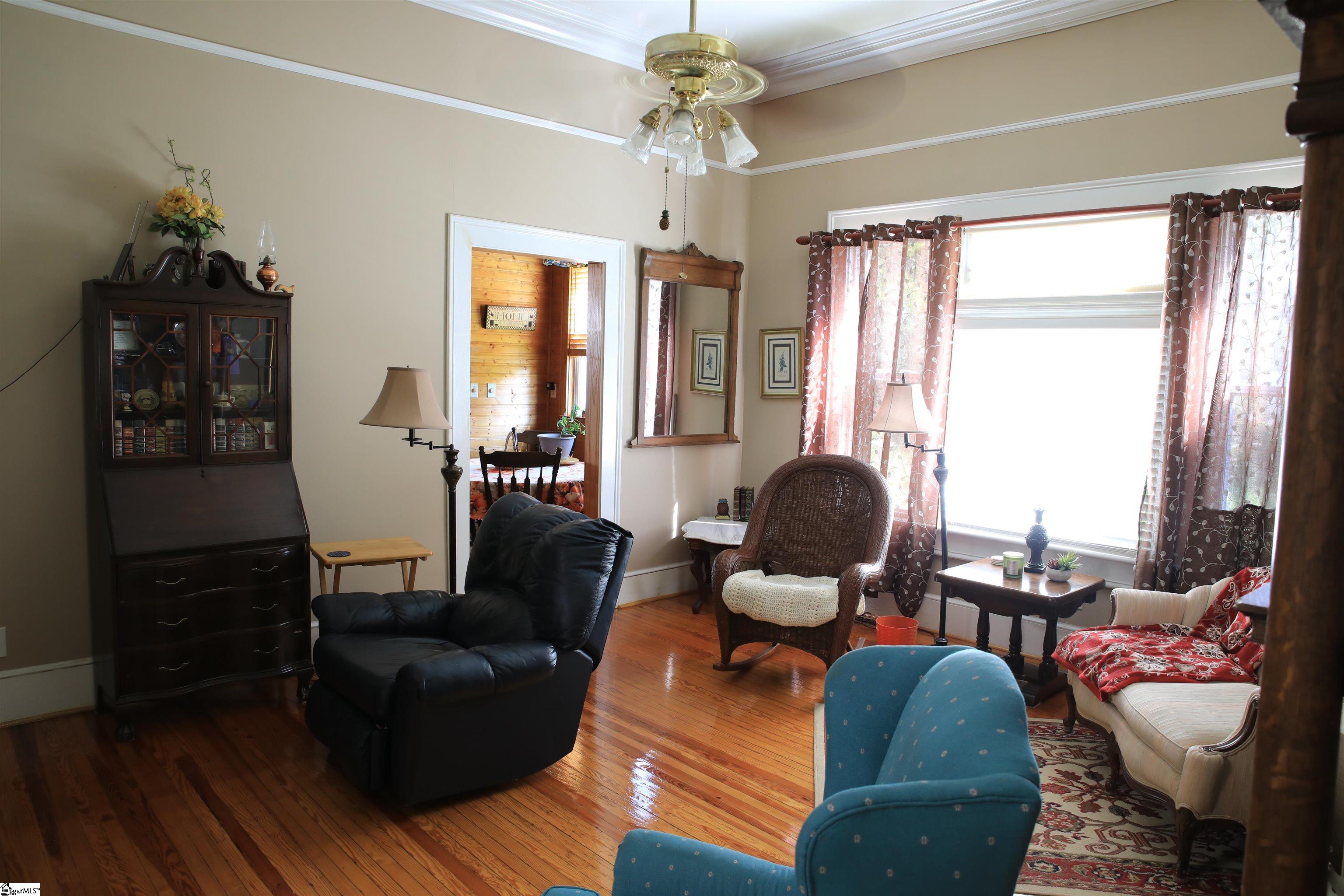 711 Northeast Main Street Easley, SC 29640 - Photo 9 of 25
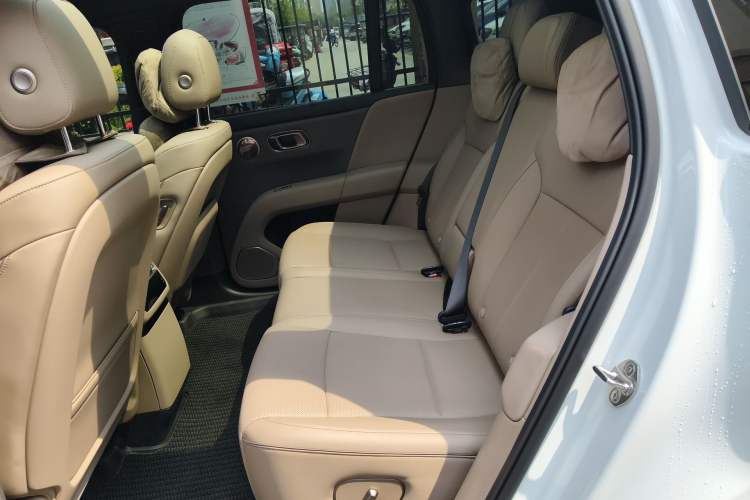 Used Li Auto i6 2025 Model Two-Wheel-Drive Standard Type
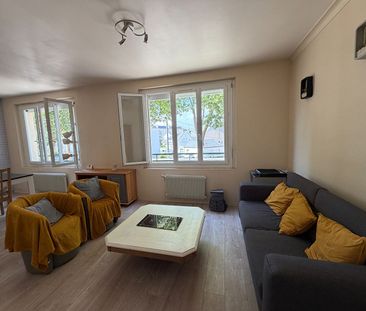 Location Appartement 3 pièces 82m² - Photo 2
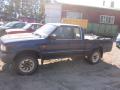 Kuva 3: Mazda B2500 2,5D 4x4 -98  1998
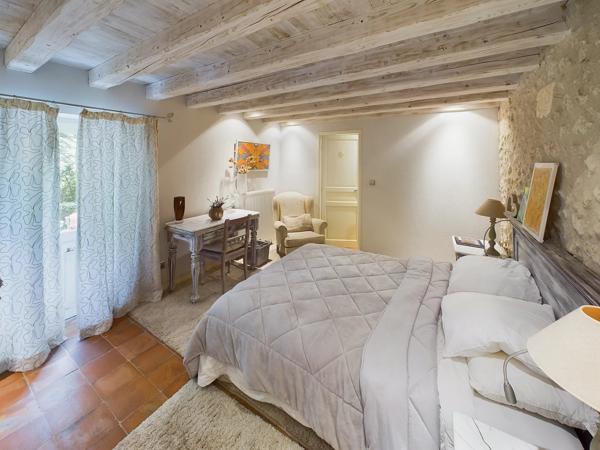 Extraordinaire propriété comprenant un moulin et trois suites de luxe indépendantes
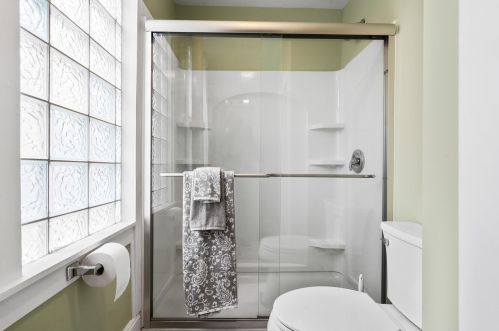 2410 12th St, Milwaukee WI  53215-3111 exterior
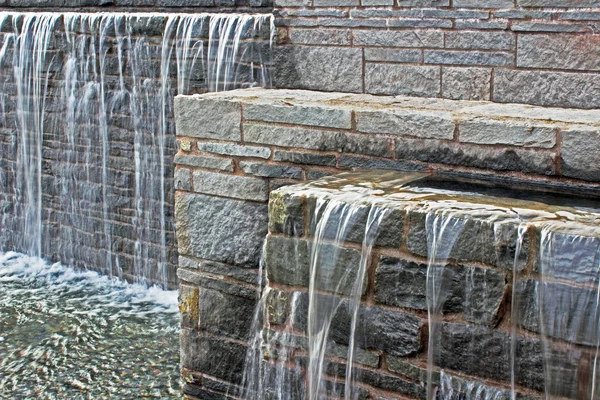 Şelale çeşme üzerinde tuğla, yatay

---+---

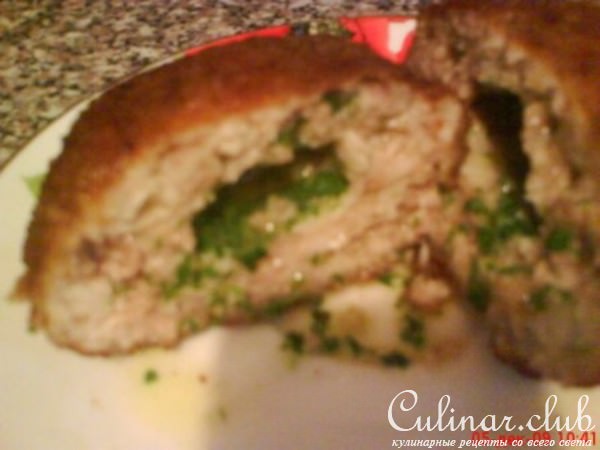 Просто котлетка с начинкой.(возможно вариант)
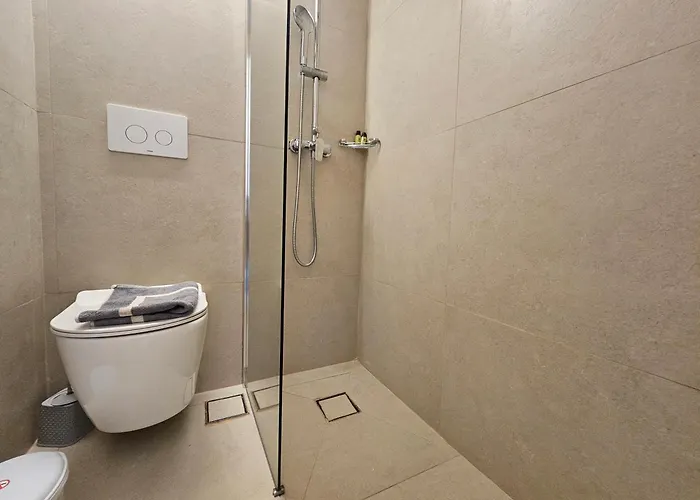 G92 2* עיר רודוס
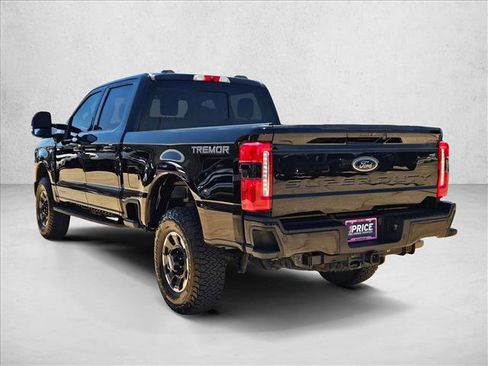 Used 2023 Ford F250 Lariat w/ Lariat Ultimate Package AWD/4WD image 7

---+---

Look back over the records above. Reproduce exactly everything from the line with "Used Li Auto" down to the line with "Şelale çeşme üzerinde tuğla, yatay", inclusive, and leave the pictures out.

 Used Li Auto i6 2025 Model Two-Wheel-Drive Standard Type
 Location Appartement 3 pièces 82m² - Photo 2
 Kuva 3: Mazda B2500 2,5D 4x4 -98  1998
 Extraordinaire propriété comprenant un moulin et trois suites de luxe indépendantes
 2410 12th St, Milwaukee WI  53215-3111 exterior
 Şelale çeşme üzerinde tuğla, yatay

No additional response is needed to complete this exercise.